(TASK REQUIREMENTS)
Retype only what runs from the line with "Çeşme Halk Eğitim" through the end of the entries, exactly and in full, but omit any picture you find.

[Opening RECORD EXTRACTS section]

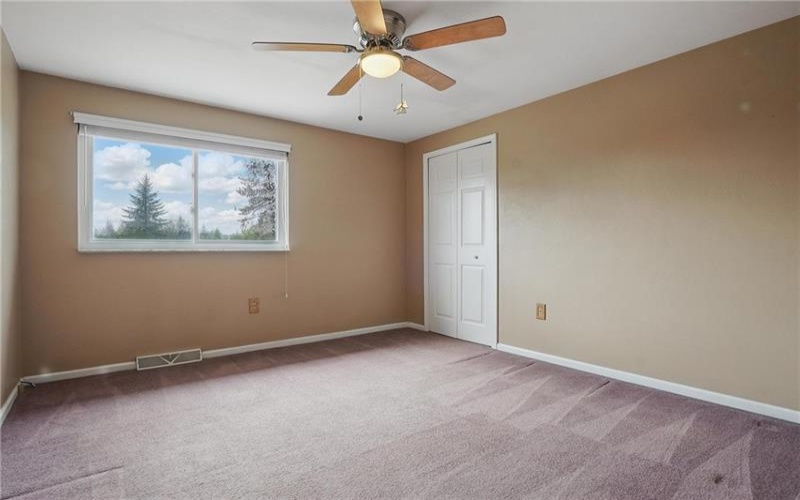 1 Carlisle Dr, Irwin, 15642, 4 Bedrooms Bedrooms, ,3 BathroomsBathrooms,Residential,For Sale,Carlisle Dr,1698732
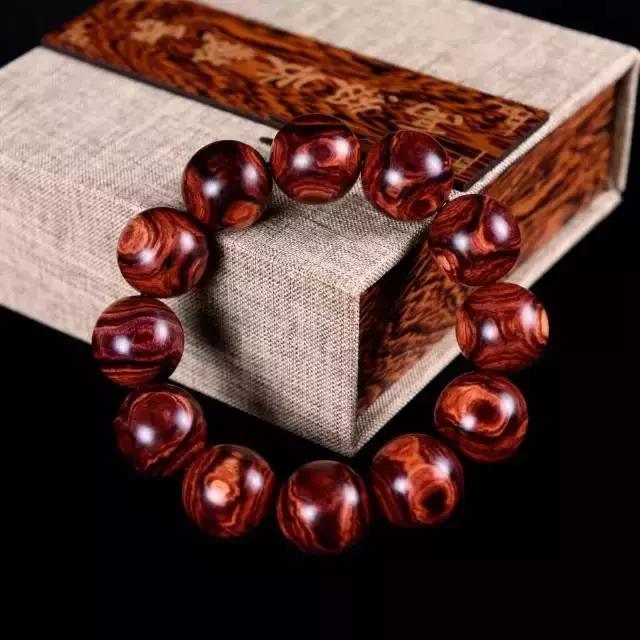 玛瑙手串十大灵性手串排名,木质手串排名黑檀手串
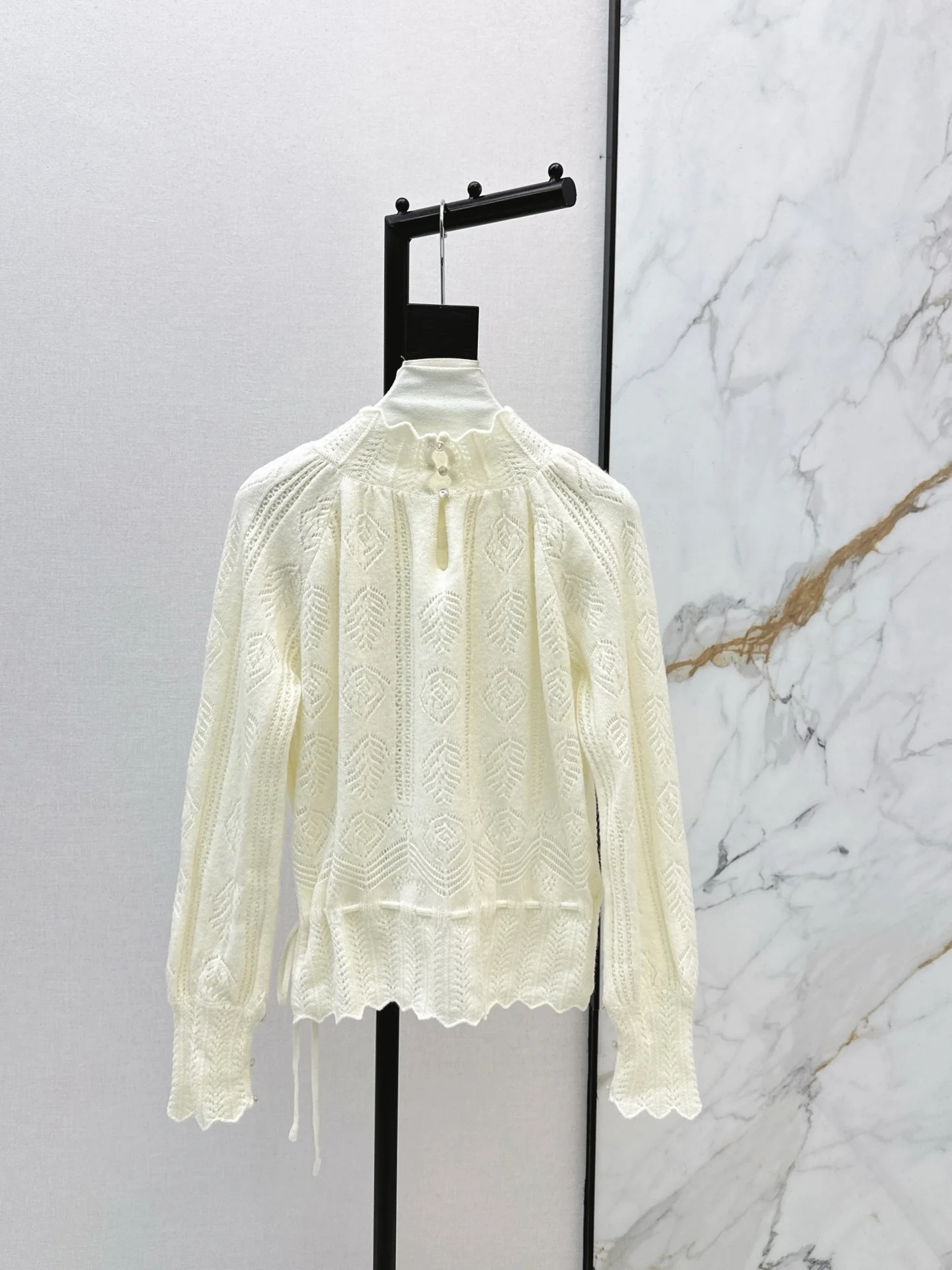 Chan 256ss drawstring sweater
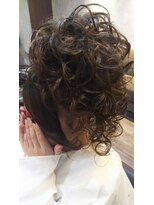 レヴィーマム(Revie mum)&nbsp;エクステをつけて派手髪セット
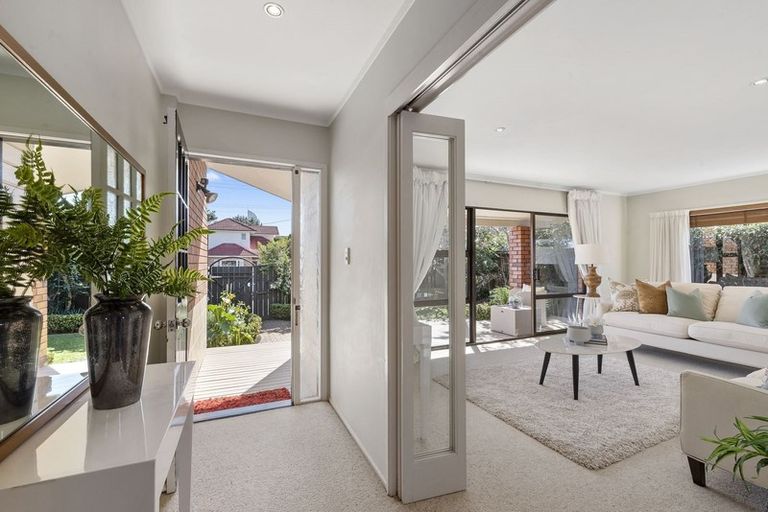 Photo of property in 1/8 Harley Road, Hauraki, Auckland, 0622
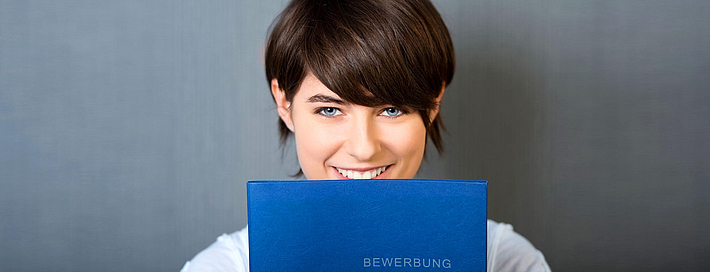 Bewerberin mit Bewerbungsmappe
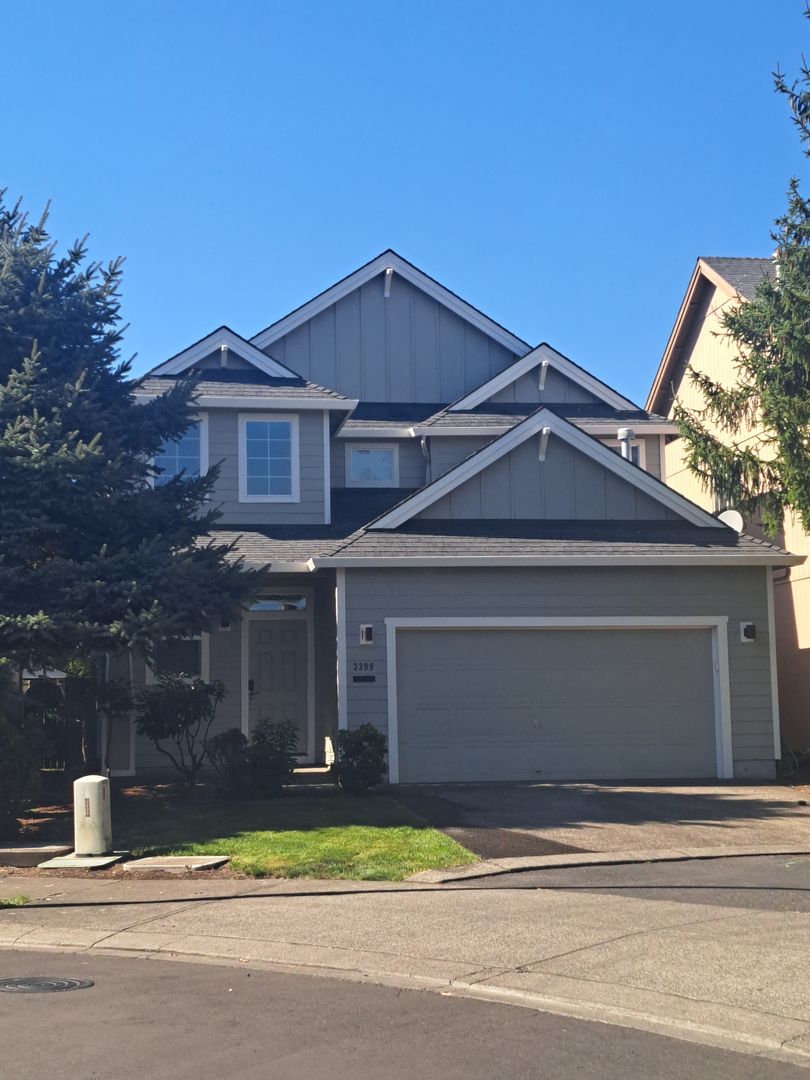 Hillsboro House: 3399 SE Yellowbird Ave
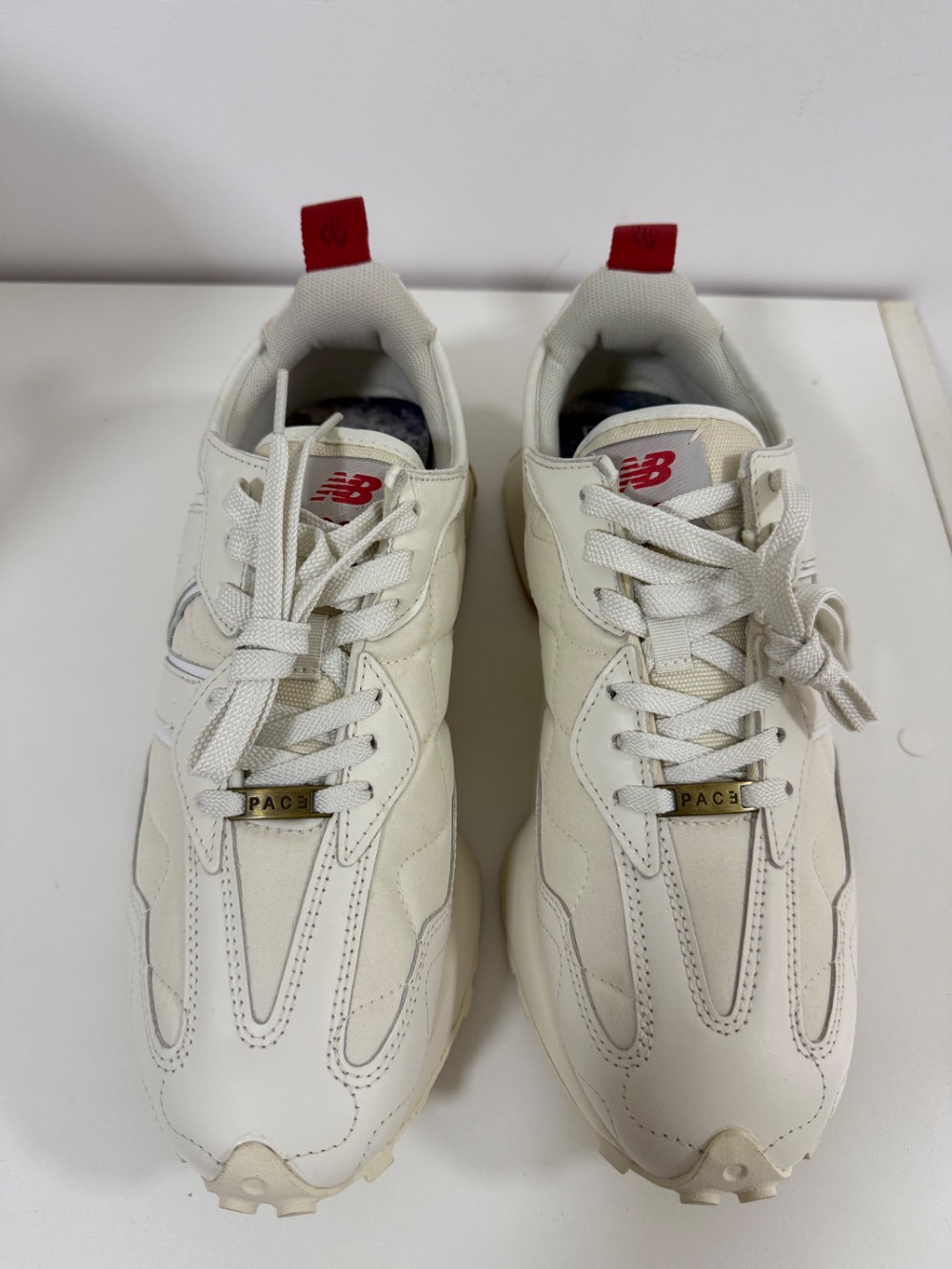 New Balance 327 The Pacer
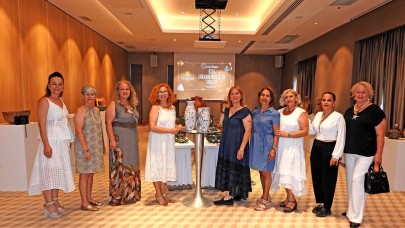 Çeşme Halk Eğitim Merkezi kursiyerleri sergi açtı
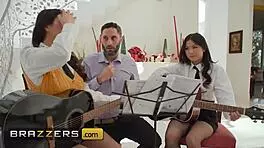 Lulu chu and jasmine wilde swallow maestros dick during concert exercise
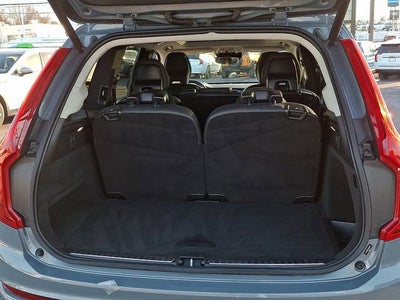 2022 Volvo XC90 Momentum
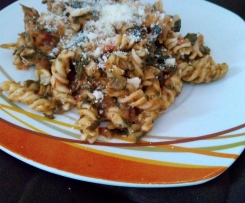 Tomatennudeln mit Spinat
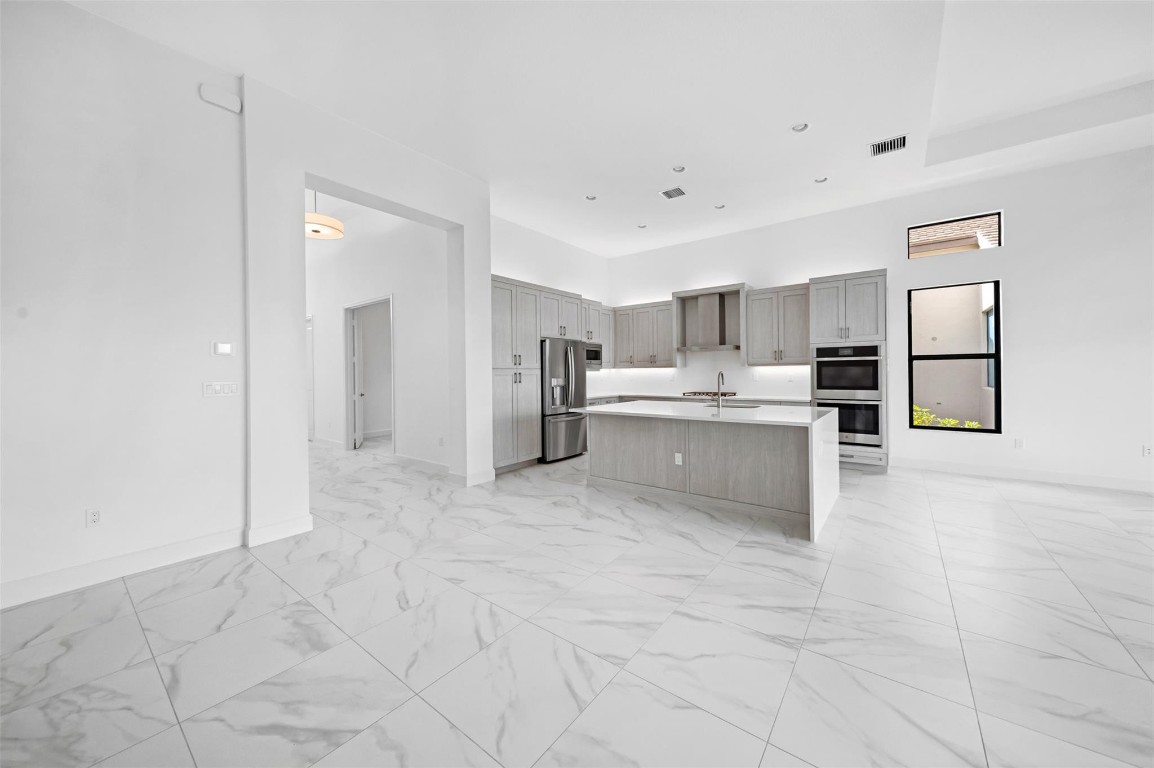 9217 Mountain Pine Grv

[Closing RECORD EXTRACTS section]

(ANSWER SECTION)
 Çeşme Halk Eğitim Merkezi kursiyerleri sergi açtı
 Lulu chu and jasmine wilde swallow maestros dick during concert exercise
 2022 Volvo XC90 Momentum
 Tomatennudeln mit Spinat
 9217 Mountain Pine Grv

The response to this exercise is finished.